Hopkins and Allen claimed to be trail hunting and that the sett that had been interfered with was not a sett in current use by badgers. However, Judge Michael Pert QC told the court that Hopkins was found to be “an unconvincing and unimpressive witness” and that Allen was even less impressive” and was “shifty and evasive”. He also told the court that the sett was “plainly a badger sett in current use” and that Hopkins and Allen had pretended to be following a trail scent to cover up the illegal pursuit of a fox.
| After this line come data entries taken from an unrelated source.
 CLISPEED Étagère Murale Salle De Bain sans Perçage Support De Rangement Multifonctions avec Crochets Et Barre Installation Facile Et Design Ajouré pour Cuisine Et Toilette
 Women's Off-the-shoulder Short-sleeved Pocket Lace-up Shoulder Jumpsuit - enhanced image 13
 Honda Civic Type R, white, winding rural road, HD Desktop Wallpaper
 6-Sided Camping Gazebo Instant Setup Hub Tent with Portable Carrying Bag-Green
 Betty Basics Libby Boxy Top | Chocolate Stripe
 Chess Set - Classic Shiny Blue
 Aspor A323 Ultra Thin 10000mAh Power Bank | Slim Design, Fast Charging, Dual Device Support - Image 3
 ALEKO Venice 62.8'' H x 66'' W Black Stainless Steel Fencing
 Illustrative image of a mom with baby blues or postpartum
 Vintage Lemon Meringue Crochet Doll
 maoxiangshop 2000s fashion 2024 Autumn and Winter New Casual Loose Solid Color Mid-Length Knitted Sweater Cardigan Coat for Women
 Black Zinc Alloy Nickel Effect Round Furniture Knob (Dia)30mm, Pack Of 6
Their conduct amounted to “cynical subterfuge”. The Judge also criticised the expert witness for the appellants Paul Caruana, who claimed that the sett was not one in current use by badgers and said he “lacked the objectivity of an expert witness”.

Dr Pamela Mynott, secretary of the Leicestershire Badger Group and director of the Badger Trust and Professor Stephen Harris both gave evidence in which they both concluded that the sett was in current use by badgers. The Judge stated that Dr Mynott had an “impressive CV” and that the court was “satisfied with her expertise in this area and we were impressed both with her knowledge and integrity”. Professor Harris had organised the first National Badger Survey in the UK and wrote the final report on behalf of the Nature Conservancy Council. The Judge told the court that Professor Harris had “unrivalled expertise in surveying badgers in the field and identifying their field signs”. The Judge also commented on the League’s witnesses: “We have evidence from four investigators employed by the League Against Cruel Sports. Whatever their motive for being present on that occasion, the evidence that they presented to us was objective video and audio of what was happening. In each case it was possible to locate both in time and place the circumstances of the recording. In any event there was no challenge to the accuracy of their evidence”.

When originally convicted Hopkins was fined £850 and had to pay a £15 victim surcharge and £1,250 in costs. Allen was fined £650 and had to pay £15 a victim surcharge and £900 in costs. The original sentences were confirmed but with additional costs added – £3,630 for Hopkins and £2,730 for Allen.